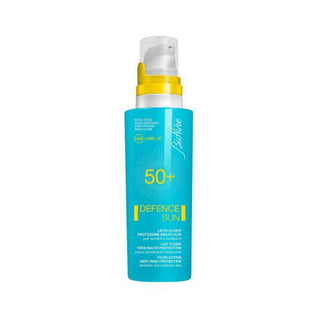 bionike defence sun fluid lotion spf50+ 125ml, sensitive skin sunscreen lotion, bio nikel tested sun lotion 125ml BioNike Defence Sun Fluid Lotion SPF50+ - Lightweight & Non-Greasy | 125ml BioNike Defence Sun Fluid Lotion SPF50+ | 125ml bionike, sun-lotion, spf50, sensitive-skin, outdoor-activities, fragrance-free, non-greasy, family-friendly, ai-generated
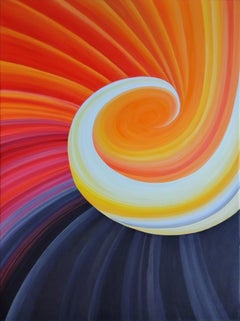 "Giallo e nero 2" dalla serie "A Space Landscape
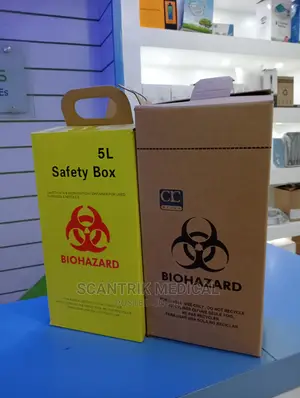 Medical Yellow Cardboard Medical Safety Box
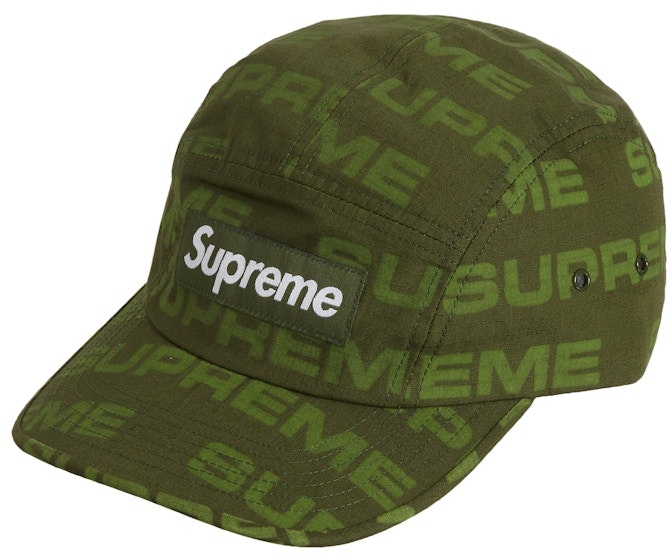 supreme-reactive-print-camp-cap-olive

★ ★ ★ ★ ★

Output the listing above in full, exactly. No images.

Answer section
 bionike defence sun fluid lotion spf50+ 125ml, sensitive skin sunscreen lotion, bio nikel tested sun lotion 125ml BioNike Defence Sun Fluid Lotion SPF50+ - Lightweight & Non-Greasy | 125ml BioNike Defence Sun Fluid Lotion SPF50+ | 125ml bionike, sun-lotion, spf50, sensitive-skin, outdoor-activities, fragrance-free, non-greasy, family-friendly, ai-generated
 "Giallo e nero 2" dalla serie "A Space Landscape
 Medical Yellow Cardboard Medical Safety Box
 supreme-reactive-print-camp-cap-olive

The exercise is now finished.